/amrplusplus-shiny

Statistical analyses for outputs of the AMR++ analytic pipeline

Primary LanguageRMIT LicenseMIT

AMR++ Shiny: Statistics Interface for Metagenomic Resistome and Microbiome Analyses

This is a fork of a repository originally developed by Steven Lakin (Colorado State University). This fork includes bug fixes and will add new features.

Citation:

Lakin, S.M., Dean, C., Noyes, N.R., Dettenwanger, A., Spencer Ross, A., Doster, E., Rovira, P., Abdo, Z., Jones, K.L., Ruiz, J., Belk, K.E., Morley, P.S., Boucher, C. (2017) MEGARes: an antimicrobial database for high throughput sequencing. Nucleic Acids Res., 45. DOI: 10.1093/nar/gkw1009

The AMR++ suite of tools was developed to enable intuitive processing of metagenomic data surrounding the antimicrobial resistome and microbiome. AMR++ Nextflow is a bioinformatics command-line tool for processing next-generation sequencing files into analytic matrices. The analytic matrices produced by AMR++ Nextflow or other code such as the AMR++ helper scripts are used as input into AMR++ Shiny. Within AMR++ Shiny, you can explore your data visually and produce graphical and statistical output to streamline your metagenomic sequencing project. Follow the steps below to get started.

Installation

If you wish to process data locally, you can either download this repository, execute the Install_Prerequisite_Packages.R script, open the server.R file in RStudio, select the arrow on the top bar next to "Run App", select "Run External", then click the "Run App" button to launch AMR++ Shiny in your internet browser. It is important that you run the App externally, since it will not work if run natively in RStudio.

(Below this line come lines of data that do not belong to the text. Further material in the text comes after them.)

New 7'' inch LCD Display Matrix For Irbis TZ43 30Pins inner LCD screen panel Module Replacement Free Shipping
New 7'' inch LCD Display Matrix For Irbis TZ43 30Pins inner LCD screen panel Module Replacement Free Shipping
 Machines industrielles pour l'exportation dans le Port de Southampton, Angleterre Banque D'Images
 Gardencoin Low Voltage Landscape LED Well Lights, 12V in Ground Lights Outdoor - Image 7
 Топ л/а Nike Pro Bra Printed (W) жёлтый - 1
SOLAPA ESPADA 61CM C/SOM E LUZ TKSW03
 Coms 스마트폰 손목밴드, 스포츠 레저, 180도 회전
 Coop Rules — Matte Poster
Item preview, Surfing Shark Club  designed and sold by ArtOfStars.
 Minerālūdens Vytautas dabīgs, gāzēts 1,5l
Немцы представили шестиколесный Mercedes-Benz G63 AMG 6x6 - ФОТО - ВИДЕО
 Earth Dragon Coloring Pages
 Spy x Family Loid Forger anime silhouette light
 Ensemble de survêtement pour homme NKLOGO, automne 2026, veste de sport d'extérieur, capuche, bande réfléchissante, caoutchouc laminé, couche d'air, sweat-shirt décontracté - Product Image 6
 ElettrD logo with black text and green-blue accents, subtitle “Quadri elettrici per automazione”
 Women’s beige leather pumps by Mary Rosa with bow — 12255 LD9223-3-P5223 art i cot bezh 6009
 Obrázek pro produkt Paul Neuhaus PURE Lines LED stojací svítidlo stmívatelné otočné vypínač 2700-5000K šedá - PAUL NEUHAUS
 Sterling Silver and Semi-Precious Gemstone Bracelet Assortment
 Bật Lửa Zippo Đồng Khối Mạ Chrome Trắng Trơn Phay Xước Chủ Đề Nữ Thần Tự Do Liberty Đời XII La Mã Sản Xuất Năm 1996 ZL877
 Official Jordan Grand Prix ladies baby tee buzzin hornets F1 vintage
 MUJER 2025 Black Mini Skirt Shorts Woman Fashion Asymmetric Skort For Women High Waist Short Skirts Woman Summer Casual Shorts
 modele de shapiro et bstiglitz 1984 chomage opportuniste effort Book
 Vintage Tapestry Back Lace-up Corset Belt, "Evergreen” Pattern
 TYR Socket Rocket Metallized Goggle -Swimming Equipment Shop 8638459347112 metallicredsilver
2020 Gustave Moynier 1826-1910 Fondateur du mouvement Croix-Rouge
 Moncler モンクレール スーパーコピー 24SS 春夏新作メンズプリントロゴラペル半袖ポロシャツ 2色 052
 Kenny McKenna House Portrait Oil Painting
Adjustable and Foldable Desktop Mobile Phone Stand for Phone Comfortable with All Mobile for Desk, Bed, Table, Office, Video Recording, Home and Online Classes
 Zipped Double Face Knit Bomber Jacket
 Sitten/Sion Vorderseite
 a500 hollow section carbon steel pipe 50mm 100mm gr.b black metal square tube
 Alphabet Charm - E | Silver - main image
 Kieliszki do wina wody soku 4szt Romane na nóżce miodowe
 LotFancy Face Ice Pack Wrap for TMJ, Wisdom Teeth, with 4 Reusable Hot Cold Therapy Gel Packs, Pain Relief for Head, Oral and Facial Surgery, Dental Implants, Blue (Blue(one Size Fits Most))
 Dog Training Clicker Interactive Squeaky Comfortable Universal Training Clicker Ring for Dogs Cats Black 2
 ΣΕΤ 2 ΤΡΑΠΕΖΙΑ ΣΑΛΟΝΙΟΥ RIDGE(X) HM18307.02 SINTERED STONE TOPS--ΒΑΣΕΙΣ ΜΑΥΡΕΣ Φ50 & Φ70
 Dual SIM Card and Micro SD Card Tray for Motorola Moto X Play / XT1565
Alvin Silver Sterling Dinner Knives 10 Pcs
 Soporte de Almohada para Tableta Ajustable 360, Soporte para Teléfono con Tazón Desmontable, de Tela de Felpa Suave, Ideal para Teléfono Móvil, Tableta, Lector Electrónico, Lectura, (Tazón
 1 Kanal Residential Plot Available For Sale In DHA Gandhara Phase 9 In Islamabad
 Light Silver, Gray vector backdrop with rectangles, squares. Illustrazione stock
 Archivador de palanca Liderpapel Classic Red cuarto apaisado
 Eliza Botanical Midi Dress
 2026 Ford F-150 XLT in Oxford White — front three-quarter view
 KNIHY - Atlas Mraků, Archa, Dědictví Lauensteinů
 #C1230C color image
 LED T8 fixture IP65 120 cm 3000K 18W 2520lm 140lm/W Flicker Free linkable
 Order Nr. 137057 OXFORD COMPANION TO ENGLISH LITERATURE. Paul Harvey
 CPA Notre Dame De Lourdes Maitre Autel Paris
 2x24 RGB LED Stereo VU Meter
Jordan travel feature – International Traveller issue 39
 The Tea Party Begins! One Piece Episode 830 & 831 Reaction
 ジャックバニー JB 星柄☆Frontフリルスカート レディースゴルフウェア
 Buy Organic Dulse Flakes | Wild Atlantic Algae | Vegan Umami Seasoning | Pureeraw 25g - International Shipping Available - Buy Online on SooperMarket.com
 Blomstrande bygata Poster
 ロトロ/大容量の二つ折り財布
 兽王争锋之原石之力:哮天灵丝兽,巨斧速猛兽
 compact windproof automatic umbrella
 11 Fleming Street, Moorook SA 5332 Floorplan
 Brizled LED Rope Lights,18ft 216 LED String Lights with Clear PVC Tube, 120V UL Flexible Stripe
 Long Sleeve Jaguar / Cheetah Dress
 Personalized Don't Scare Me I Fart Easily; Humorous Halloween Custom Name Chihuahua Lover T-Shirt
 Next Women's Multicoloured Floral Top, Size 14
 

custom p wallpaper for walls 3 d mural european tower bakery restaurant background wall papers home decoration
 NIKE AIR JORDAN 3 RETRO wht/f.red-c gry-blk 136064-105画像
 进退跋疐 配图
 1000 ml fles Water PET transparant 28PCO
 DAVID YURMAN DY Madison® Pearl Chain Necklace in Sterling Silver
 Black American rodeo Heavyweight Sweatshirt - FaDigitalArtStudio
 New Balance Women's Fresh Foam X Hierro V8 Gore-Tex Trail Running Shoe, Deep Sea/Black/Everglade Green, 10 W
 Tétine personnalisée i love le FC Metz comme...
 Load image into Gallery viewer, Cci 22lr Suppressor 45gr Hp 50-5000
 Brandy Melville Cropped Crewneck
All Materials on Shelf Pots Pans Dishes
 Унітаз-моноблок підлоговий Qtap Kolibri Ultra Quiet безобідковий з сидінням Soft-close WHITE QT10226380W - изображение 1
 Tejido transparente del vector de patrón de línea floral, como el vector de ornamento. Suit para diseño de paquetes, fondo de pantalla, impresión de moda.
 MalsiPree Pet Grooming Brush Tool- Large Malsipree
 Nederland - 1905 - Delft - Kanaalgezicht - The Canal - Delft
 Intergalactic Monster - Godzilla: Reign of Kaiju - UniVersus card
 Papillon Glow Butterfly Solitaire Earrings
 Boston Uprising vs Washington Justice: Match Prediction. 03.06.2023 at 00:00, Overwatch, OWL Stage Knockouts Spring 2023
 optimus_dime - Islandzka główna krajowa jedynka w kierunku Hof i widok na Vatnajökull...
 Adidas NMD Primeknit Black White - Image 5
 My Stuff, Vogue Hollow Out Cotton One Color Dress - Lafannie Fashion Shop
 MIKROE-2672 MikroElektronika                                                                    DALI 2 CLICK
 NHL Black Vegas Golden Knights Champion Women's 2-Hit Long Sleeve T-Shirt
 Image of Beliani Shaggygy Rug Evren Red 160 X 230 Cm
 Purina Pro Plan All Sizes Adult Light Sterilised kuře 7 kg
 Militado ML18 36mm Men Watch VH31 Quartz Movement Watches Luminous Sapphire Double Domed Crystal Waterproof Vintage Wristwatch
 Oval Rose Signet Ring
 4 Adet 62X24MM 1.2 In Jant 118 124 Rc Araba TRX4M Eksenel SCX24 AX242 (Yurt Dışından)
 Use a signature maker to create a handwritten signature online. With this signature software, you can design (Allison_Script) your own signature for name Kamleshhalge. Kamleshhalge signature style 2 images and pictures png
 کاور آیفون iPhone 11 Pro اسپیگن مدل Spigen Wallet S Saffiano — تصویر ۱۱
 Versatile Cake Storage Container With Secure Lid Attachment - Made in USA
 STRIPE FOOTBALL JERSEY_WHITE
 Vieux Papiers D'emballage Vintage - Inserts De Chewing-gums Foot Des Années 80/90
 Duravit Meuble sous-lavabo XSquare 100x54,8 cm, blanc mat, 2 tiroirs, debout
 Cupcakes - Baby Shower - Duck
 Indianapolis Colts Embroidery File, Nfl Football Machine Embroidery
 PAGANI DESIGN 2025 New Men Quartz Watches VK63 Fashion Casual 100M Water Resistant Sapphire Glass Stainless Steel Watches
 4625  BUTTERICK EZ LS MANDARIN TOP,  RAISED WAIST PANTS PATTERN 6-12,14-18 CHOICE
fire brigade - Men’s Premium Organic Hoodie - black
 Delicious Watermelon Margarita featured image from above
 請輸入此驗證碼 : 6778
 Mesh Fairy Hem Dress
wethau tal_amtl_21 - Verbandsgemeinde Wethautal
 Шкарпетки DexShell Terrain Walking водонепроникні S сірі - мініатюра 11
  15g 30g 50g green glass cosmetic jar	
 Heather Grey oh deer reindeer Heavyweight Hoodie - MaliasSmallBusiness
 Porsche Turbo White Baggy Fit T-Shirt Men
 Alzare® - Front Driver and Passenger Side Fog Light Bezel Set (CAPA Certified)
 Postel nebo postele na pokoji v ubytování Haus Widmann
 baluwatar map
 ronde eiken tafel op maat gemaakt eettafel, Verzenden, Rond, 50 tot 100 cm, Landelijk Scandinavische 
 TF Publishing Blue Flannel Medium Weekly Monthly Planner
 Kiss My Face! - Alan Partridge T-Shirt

There is also a page with releases with tested bug fixes.

If you do not wish to use the automatic install script, you can download the following packages yourself in R:

  • shiny
  • shinydashboard
  • data.table
  • ggplot2
  • vegan
  • metagenomeseq

It is important that you have installed up-to-date packages and are running an R version > 3.0.0.

Usage

AMR++ Shiny has instructions built into the App describing each step. You will need the following files that are output from the AMR++ Nextflow pipeline (NOTE: the MEGARes annotation file must match the version of the file used in the AMR++ Nextflow pipeline):

Resistome analysis alone:

  • amr_analytic_matrix.csv
  • megares_annotations_vX.XX.csv
  • YourProjectMetadataFile.csv

Microbiome analysis alone:

  • kraken_analytic_matrix.csv
  • YourProjectMetadataFile.csv

Resistome and Microbiome analyses:

  • amr_analytic_matrix.csv
  • megares_annotations_vX.XX.csv
  • kraken_analytic_matrix.csv
  • YourProjectMetadataFile.csv

Metadata File Format

The metadata file format must be a comma-separated value (.csv) format file. It can contain as many columns as you'd like, however the first column must contain sample IDs that match the sample IDs in the other files. An example of columns might be the following:

  1. SampleID
  2. LocationOfSampleCollection
  3. SampleType
  4. CollectedBy
  5. etc.

An example of the first few lines of a metadata file might be the following:

SampleID,LocationOfSampleCollection,SampleType,CollectedBy
Sample1,Area1,Soil,StaffMember1
Sample2,Area1,Soil,StaffMember1
Sample3,Area2,Water,SaffMember2

You'll then have the choice of including each of these column features in your analyses.

Output

AMR++ Shiny outputs the following files for every analysis:

Exploratory Analysis Files

For each feature selected for inclusion in the analysis, the following exploratory graphs are created for each level (AMR: Class, Mechanism, Group, Gene; Microbiome: Kingdom, Phylum, Class, Order, Family, Genus, Species):

  • Alpha rarefaction barplots
  • Heatmaps
  • Barplots
  • Principal Components Analysis (first two eigenvectors)
  • Non-parametric Multidimensional Scaling (two dimensions) using Bray-Curtis distance

Statistical Analysis Files

For each analysis set up on the final screen, the following statistical features are produced for each level as listed above:

  • Method: Zero-inflated Gaussian Regression using expectation maximization with metagenomeSeq
  • Log-fold change
  • p-value
  • Adjusted p-value
  • Average expression
  • Contrast

Bug Reporting and Help

Bugs and requests for new features can be reported on this github page under the "Issues" tab. Please include context of what you were doing at the time of crash and an error if provided.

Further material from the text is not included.